I've never experienced them jumping. I kept them in my 125 for a long time without any issues at all. I'm sure they are capable of it though. Many fish will jump with the proper provocation.


----------



## lauraleellbp (Feb 3, 2008)

Yep they can definitely jump. Especially if they get startled or a fish chases them. I've had jumpers before after I bumped my tank and while I was working in it.


----------



## bdement (Jan 27, 2005)

I kept them in an open-top tank with Cardinals and Discus for a couple years. In that time maybe 2-3 jumped out, so yes they do jump, but its not a huge problem. Like others have said, most fish will jump if startled enough, but rummies don't make a habit of it.


----------



## bklyndrvr (May 24, 2008)

I have a 75 gallon tank with 2 angels and 18 rummies and all my rummies stay near the bottom of the tank and never venture past the bottom 1/3 of the tank. Are mine weird?


----------



## brianS (Apr 22, 2010)

bklyndrvr said:


> I have a 75 gallon tank with 2 angels and 18 rummies and all my rummies stay near the bottom of the tank and never venture past the bottom 1/3 of the tank. Are mine weird?
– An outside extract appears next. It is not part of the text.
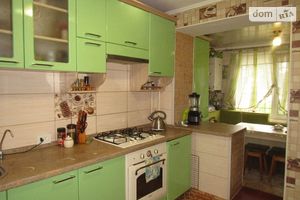Продається 3-кімнатна квартира 76 кв. м у Вінниці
Nope..not weird at all. I have a school of 8 in a 30g that don't venture too far from the bottom either.


----------



## bklyndrvr (May 24, 2008)

I thought maybe mine were scare or unhappy. They seem to be happy. Bright red noses, always swimming together. Maybe I should add a couple more?


----------



## brianS (Apr 22, 2010)

I notice that mine are happiest when I do frequent water changes, but if I skip a week...they're not very active at all.


----------



## lauraleellbp (Feb 3, 2008)

If you want them to swim more in the upper part of the tank try adding some floating plants.


----------



## Mikaila31 (Mar 28, 2010)

When I kept a school I had a few that were very skittish compared to the rest. Random bumps or vibrations would freak them out. They can take off like rockets and they fly around the tank for 30 sec. Before stopping and basically going into shock. Usually I'm around and they can be revived pretty successfully, though I takes them 30 min before they regain their swimming abilities 100%. It wasn't all the fish, just 1 or 2 in my school of 10. Weird things like closing the stand door, which they are fine with almost all the time would freak one out. Most should be fine in a rimless tank, you may have a few odd ones.


----------